WORK REQUEST:
Below is a listing with pictures in it; transcribe exactly the lines from the one that has "Landscape of floating" through the one that has "In-progress construction of", and omit those pictures.

RECORDS:
--- --- ---

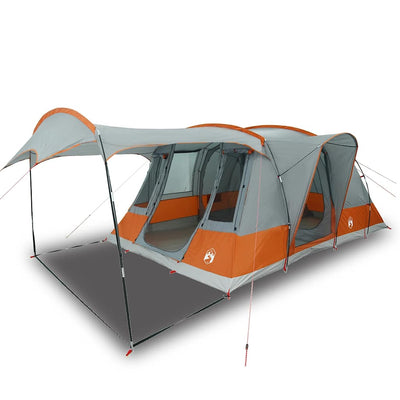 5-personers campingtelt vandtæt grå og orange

--- --- ---

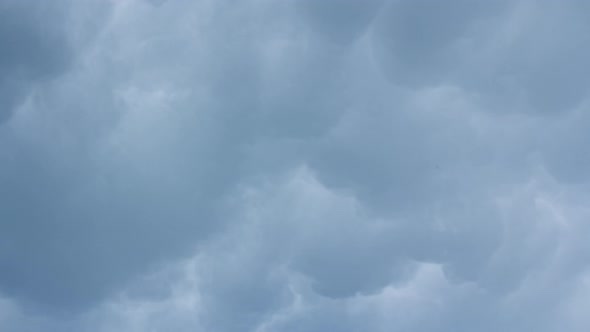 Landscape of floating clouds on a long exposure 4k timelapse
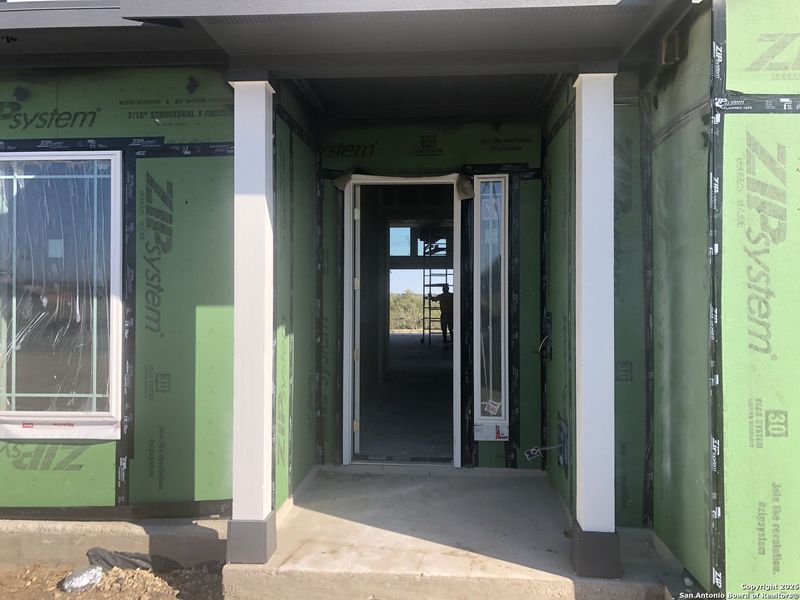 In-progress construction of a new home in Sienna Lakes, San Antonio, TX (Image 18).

--- --- ---

WRITTEN RESPONSE:
 Landscape of floating clouds on a long exposure 4k timelapse
 In-progress construction of a new home in Sienna Lakes, San Antonio, TX (Image 18).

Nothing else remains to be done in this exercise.